__INPUT MATERIAL__:
[Start of Attachment]
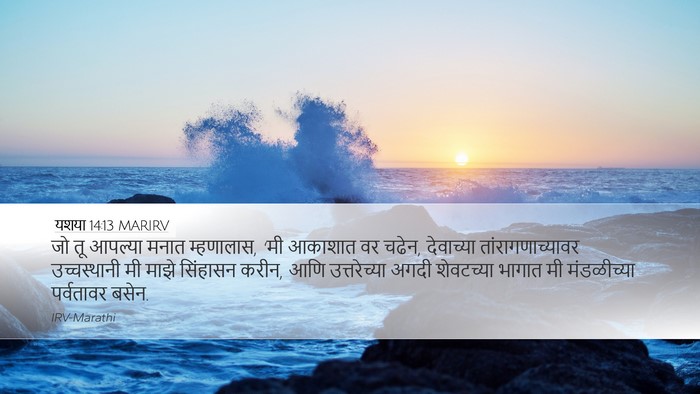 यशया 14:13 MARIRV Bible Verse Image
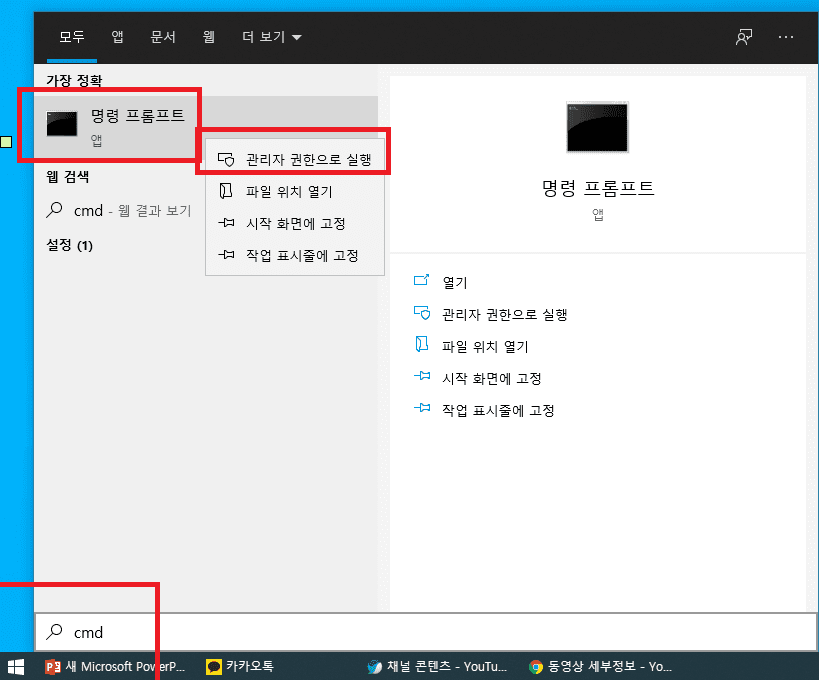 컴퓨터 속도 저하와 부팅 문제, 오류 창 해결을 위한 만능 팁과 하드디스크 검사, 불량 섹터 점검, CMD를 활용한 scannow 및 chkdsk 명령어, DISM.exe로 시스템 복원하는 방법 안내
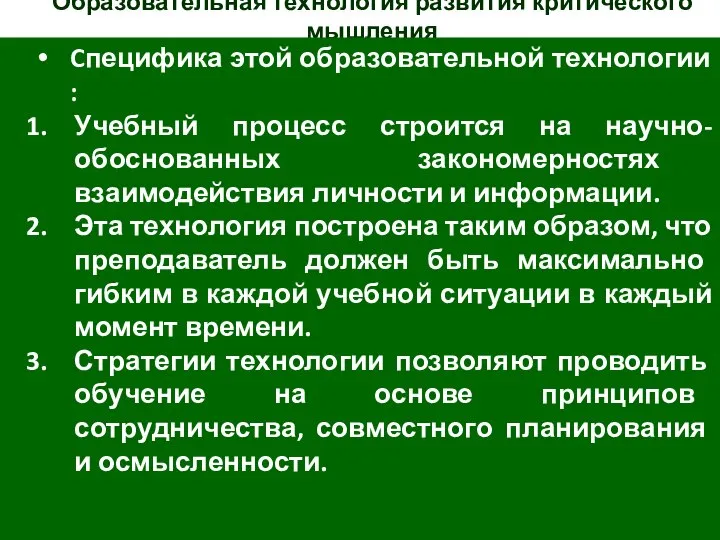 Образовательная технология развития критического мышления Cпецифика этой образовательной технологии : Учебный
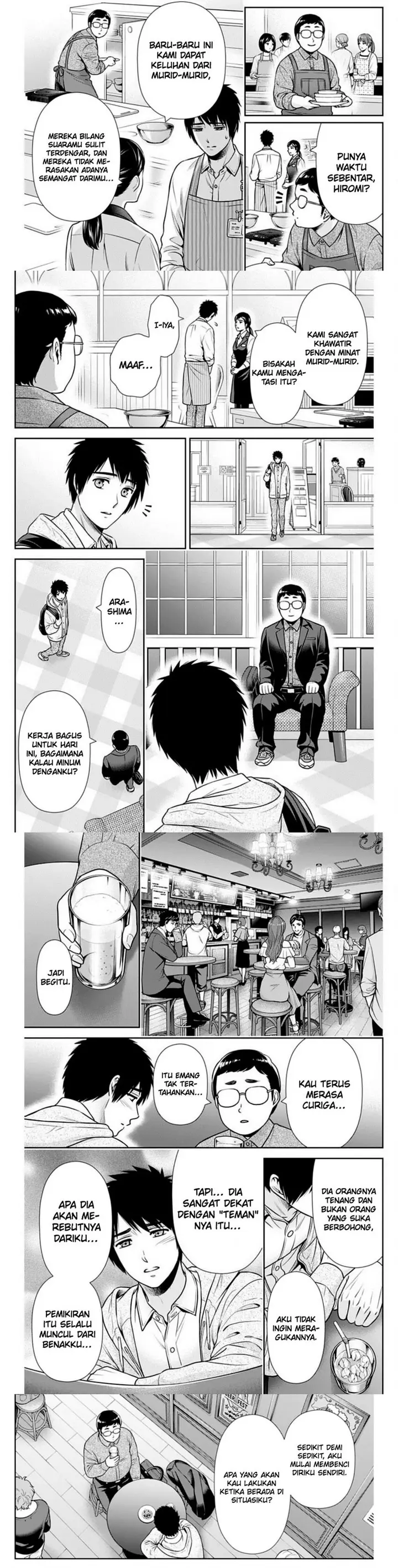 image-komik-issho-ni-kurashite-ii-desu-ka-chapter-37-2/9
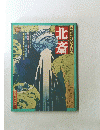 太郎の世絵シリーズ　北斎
[End of Attachment]
Transcribe the entries from their first line to the line that holds "Образовательная технология развития", both included, and skip every picture.

__RESPONSE FOR THIS EXERCISE__:
 यशया 14:13 MARIRV Bible Verse Image
 컴퓨터 속도 저하와 부팅 문제, 오류 창 해결을 위한 만능 팁과 하드디스크 검사, 불량 섹터 점검, CMD를 활용한 scannow 및 chkdsk 명령어, DISM.exe로 시스템 복원하는 방법 안내
 Образовательная технология развития критического мышления Cпецифика этой образовательной технологии : Учебный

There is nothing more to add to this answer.